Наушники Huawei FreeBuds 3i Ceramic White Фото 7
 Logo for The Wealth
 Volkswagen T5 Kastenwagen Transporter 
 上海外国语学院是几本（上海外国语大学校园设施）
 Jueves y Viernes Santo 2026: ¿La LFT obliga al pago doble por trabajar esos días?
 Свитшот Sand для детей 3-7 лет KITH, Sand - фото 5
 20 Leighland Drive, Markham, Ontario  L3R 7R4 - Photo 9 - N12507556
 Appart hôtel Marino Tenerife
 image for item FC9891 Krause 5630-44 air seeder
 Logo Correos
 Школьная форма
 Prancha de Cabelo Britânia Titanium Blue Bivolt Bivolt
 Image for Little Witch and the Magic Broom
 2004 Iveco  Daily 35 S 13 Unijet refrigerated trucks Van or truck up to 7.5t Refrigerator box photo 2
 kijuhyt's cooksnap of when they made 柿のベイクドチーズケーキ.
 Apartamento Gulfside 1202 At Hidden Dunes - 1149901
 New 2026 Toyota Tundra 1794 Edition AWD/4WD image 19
★ ★ ★ ★
_WORK TO BE COMPLETED_.
Output the entire listing exactly as it appears above.

_OUTPUT_.
Наушники Huawei FreeBuds 3i Ceramic White Фото 7
 Logo for The Wealth
 Volkswagen T5 Kastenwagen Transporter 
 上海外国语学院是几本（上海外国语大学校园设施）
 Jueves y Viernes Santo 2026: ¿La LFT obliga al pago doble por trabajar esos días?
 Свитшот Sand для детей 3-7 лет KITH, Sand - фото 5
 20 Leighland Drive, Markham, Ontario  L3R 7R4 - Photo 9 - N12507556
 Appart hôtel Marino Tenerife
 image for item FC9891 Krause 5630-44 air seeder
 Logo Correos
 Школьная форма
 Prancha de Cabelo Britânia Titanium Blue Bivolt Bivolt
 Image for Little Witch and the Magic Broom
 2004 Iveco  Daily 35 S 13 Unijet refrigerated trucks Van or truck up to 7.5t Refrigerator box photo 2
 kijuhyt's cooksnap of when they made 柿のベイクドチーズケーキ.
 Apartamento Gulfside 1202 At Hidden Dunes - 1149901
 New 2026 Toyota Tundra 1794 Edition AWD/4WD image 19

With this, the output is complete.